** Dataset entries follows **

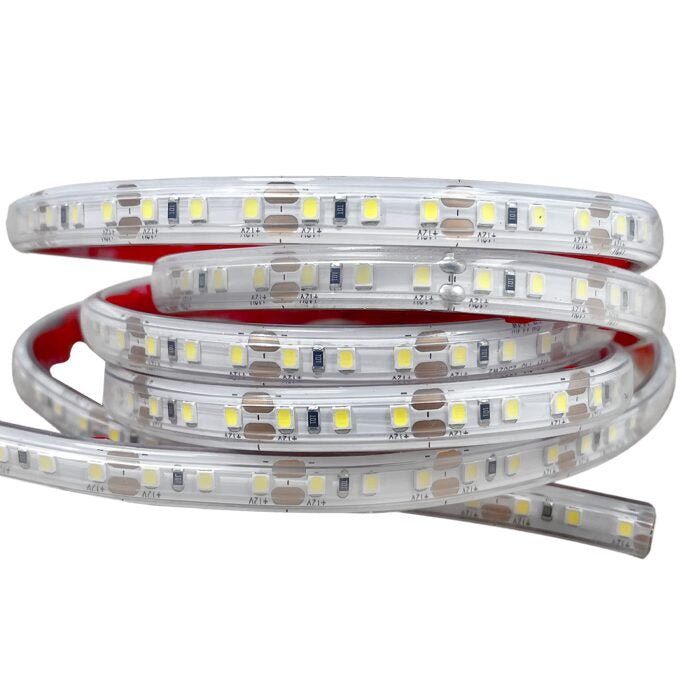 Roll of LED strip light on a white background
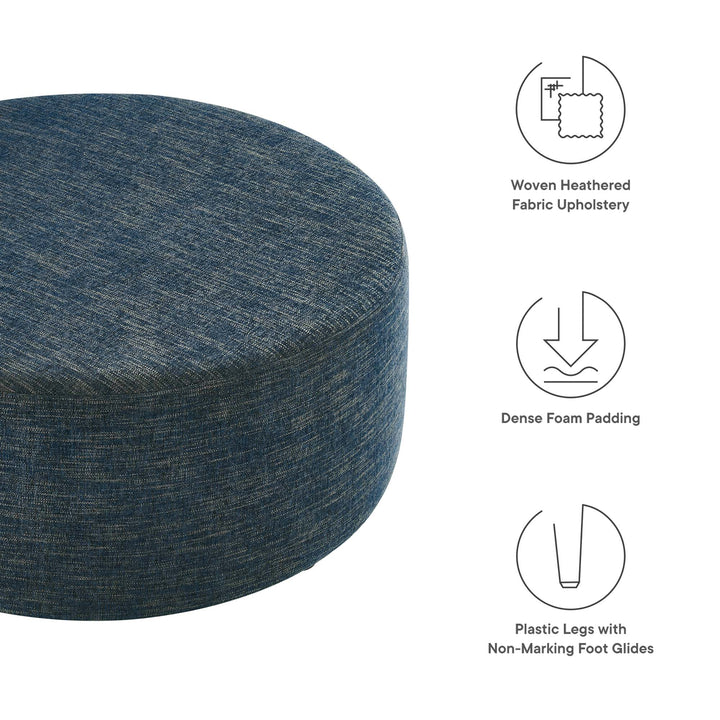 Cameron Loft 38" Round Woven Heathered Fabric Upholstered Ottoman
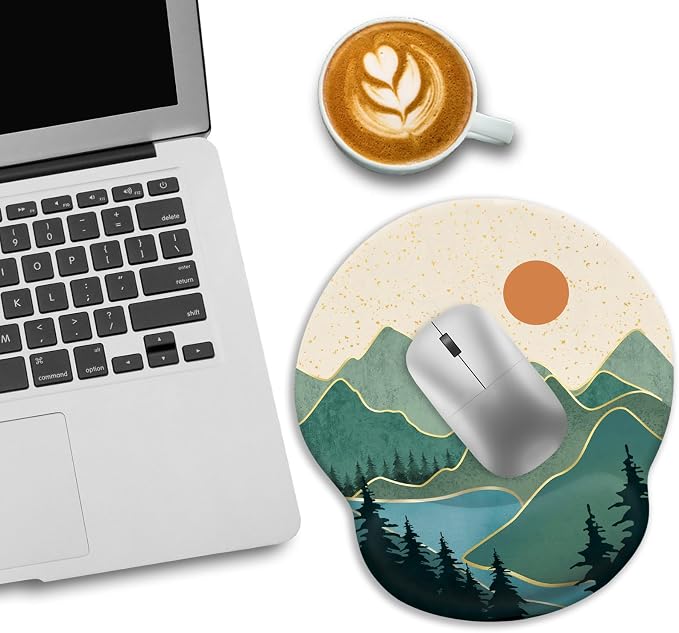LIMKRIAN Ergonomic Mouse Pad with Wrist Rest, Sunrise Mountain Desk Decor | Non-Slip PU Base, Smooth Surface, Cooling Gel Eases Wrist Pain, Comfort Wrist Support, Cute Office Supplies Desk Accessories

** End of Dataset entries **
** Dataset entries follows **

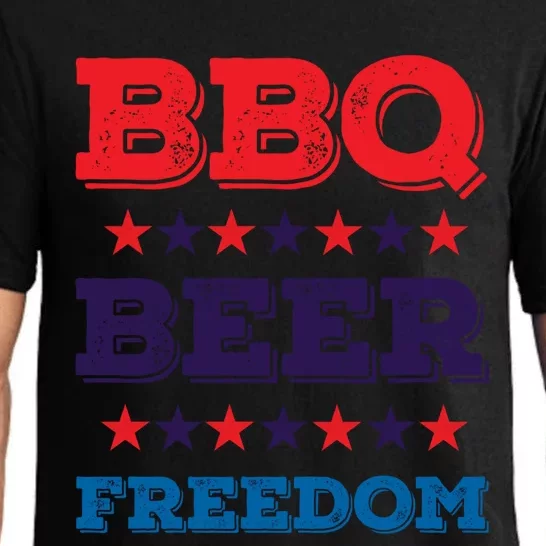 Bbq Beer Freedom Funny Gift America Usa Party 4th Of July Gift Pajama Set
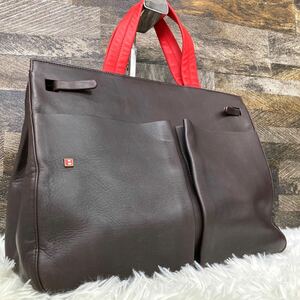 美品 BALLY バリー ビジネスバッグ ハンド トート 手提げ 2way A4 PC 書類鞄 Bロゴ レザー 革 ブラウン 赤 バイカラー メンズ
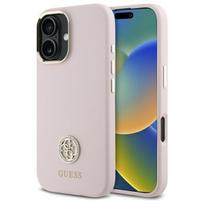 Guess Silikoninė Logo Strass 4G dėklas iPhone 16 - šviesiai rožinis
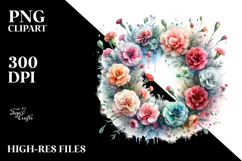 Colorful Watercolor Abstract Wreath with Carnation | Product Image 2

** End of Dataset entries **

▸ What is required
Quote the lines above exactly, starting with the one that has "Bbq Beer Freedom" and ending with the one that has "Colorful Watercolor Abstract"; drop the pictures and include nothing else.

▸ Result of this exercise
 Bbq Beer Freedom Funny Gift America Usa Party 4th Of July Gift Pajama Set
 美品 BALLY バリー ビジネスバッグ ハンド トート 手提げ 2way A4 PC 書類鞄 Bロゴ レザー 革 ブラウン 赤 バイカラー メンズ
 Guess Silikoninė Logo Strass 4G dėklas iPhone 16 - šviesiai rožinis
 Colorful Watercolor Abstract Wreath with Carnation | Product Image 2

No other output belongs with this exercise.